To perform the extraction, run the following command:

punchlinectl <YOUR_TOPOLOGY>

You now have a Kafka topic filled with the logs you want.

Hint

You can check your topic content using the punchplatform log injector;

$  punchplatform-log-injector.sh --kafka-consumer -brokers local -topic mytenant_es_to_kafka_extraction --earliest -v

Configure your Kafka-to-Files topology¶

Start next from the following example topology:

{
    "tenant" : "mytenant",
    "channel" : "jobs",
    "name" : "extract_kafka_to_file",
    "spouts" : [
      {
            "type" : "kafka_input",
            "settings" : {
              "topic" : "mytenant_es_to_kafka_extraction",
              "start_offset_strategy": "last_committed",
              "brokers": "local",
              # Watchout the batch_size and batch_interval are the two 
              # essential settings.
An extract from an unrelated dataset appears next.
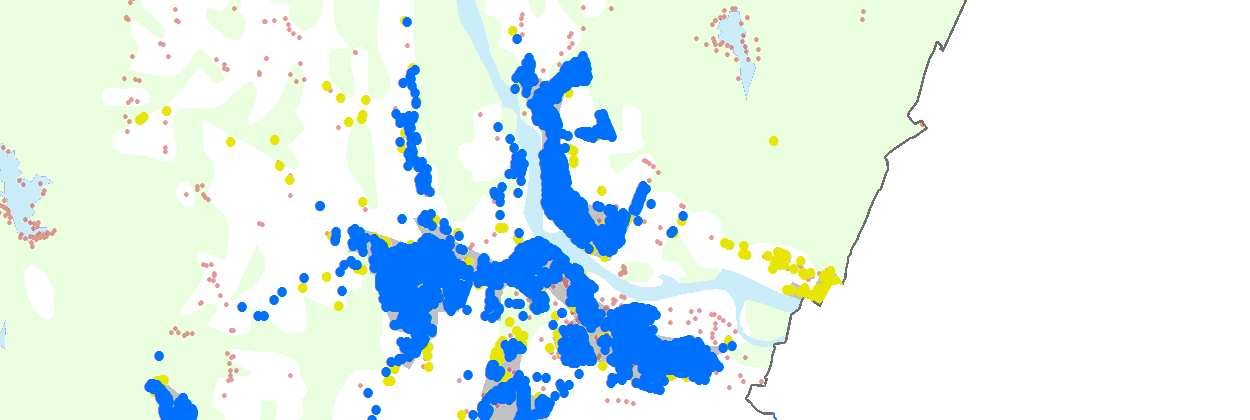 Tegnforklaring! Kommunal vannforsyning! Privat vannforsyning! Hytter / annet Elv Hav Innsjø Skog Tettbebyggelse Åpent område Innbyggere [pers] 13960 Boliger 5182 Boliger m.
Basically we require here to have 10000
              # logs per file. 
              "batch_size": 10000,

              # .. and to flush the last file after 5 minutes whenever there are
              # no more logs arriving.
              "batch_interval": "1m"
              "load_control" : "none",
              "brokers" : "local"
            },
            "storm_settings" : {
              "executors": 1,
              "component" : "kafka_input",
              "publish" : [ 
                { 
                  "stream" : "logs", 
                  "fields" : ["id", "@timestamp"] 
                } 
              ]
            }
        }
    ],
    "bolts" : [
      {
           "type" : "file_bolt",
           "settings" : {
              # make sure the target folder exists.
              "destination": "file:///tmp/archive-logs"
              "separator" : ";;;",
              "add_header" : true
           },
           "storm_settings" : {
              "executors": 1,
              "component" : "file",
              "subscribe" : [ 
                { 
                  "component" : "kafka_input", 
                  "stream" : "logs", 
                  "grouping": "localOrShuffle"
                }
              ] 
            }
      }
    ],
    "storm_settings" : {
        # whenever you use the file bolt, use at least a few hundredsMb
        # as it relies on direct memory allocated memory.  
        "topology.worker.childopts": "-Xms512m -Xmx512m",
    }
}

To perform the extraction, simply run the following command:

punchlinectl <YOUR_TOPOLOGY>

You now have your logs in the '/tmp/archive-logs'.